Web page caption snippets:
*-*-*

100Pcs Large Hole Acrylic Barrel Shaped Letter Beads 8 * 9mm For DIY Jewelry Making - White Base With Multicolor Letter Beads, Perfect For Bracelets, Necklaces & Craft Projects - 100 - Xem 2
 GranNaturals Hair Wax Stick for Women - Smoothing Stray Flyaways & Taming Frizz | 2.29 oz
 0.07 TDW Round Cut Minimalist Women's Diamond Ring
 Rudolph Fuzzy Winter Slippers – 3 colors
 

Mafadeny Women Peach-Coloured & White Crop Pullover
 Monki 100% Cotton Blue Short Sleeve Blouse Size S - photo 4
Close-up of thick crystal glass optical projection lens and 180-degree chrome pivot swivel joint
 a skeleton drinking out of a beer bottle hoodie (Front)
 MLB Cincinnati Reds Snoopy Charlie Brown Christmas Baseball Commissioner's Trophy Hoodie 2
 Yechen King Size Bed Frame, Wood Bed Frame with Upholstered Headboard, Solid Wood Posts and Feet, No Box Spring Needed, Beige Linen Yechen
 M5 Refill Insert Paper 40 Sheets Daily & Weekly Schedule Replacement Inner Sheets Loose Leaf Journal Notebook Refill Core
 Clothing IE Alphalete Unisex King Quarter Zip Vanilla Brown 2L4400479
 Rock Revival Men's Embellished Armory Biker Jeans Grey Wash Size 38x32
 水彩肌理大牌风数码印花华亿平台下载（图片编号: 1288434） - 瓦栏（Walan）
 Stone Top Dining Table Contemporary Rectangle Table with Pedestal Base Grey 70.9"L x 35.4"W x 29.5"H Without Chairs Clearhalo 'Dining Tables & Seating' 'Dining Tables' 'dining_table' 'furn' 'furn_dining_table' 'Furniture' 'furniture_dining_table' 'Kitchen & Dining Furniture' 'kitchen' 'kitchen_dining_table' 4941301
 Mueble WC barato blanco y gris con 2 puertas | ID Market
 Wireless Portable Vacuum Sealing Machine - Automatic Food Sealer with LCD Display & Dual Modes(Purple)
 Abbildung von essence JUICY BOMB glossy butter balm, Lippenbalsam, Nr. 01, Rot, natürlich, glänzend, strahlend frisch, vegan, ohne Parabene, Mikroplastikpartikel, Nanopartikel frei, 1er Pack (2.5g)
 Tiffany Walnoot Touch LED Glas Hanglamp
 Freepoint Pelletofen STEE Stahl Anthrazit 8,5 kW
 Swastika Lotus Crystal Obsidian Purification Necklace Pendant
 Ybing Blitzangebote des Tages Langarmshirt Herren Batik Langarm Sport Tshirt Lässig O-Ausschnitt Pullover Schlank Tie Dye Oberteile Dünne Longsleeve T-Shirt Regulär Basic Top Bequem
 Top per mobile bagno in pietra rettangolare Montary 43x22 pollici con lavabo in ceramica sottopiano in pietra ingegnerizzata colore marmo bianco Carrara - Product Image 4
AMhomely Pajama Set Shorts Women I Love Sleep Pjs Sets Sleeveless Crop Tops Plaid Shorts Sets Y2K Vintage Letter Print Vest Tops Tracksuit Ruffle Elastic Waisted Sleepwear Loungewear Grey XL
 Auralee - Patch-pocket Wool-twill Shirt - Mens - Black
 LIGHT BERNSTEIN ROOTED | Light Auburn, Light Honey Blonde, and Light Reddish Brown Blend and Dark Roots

*-*-*

TASK BRIEF: Show all lines in the entries above where the string "Grey" appears.

RESPONSE TO THIS EXERCISE:
 Rock Revival Men's Embellished Armory Biker Jeans Grey Wash Size 38x32
 Stone Top Dining Table Contemporary Rectangle Table with Pedestal Base Grey 70.9"L x 35.4"W x 29.5"H Without Chairs Clearhalo 'Dining Tables & Seating' 'Dining Tables' 'dining_table' 'furn' 'furn_dining_table' 'Furniture' 'furniture_dining_table' 'Kitchen & Dining Furniture' 'kitchen' 'kitchen_dining_table' 4941301
AMhomely Pajama Set Shorts Women I Love Sleep Pjs Sets Sleeveless Crop Tops Plaid Shorts Sets Y2K Vintage Letter Print Vest Tops Tracksuit Ruffle Elastic Waisted Sleepwear Loungewear Grey XL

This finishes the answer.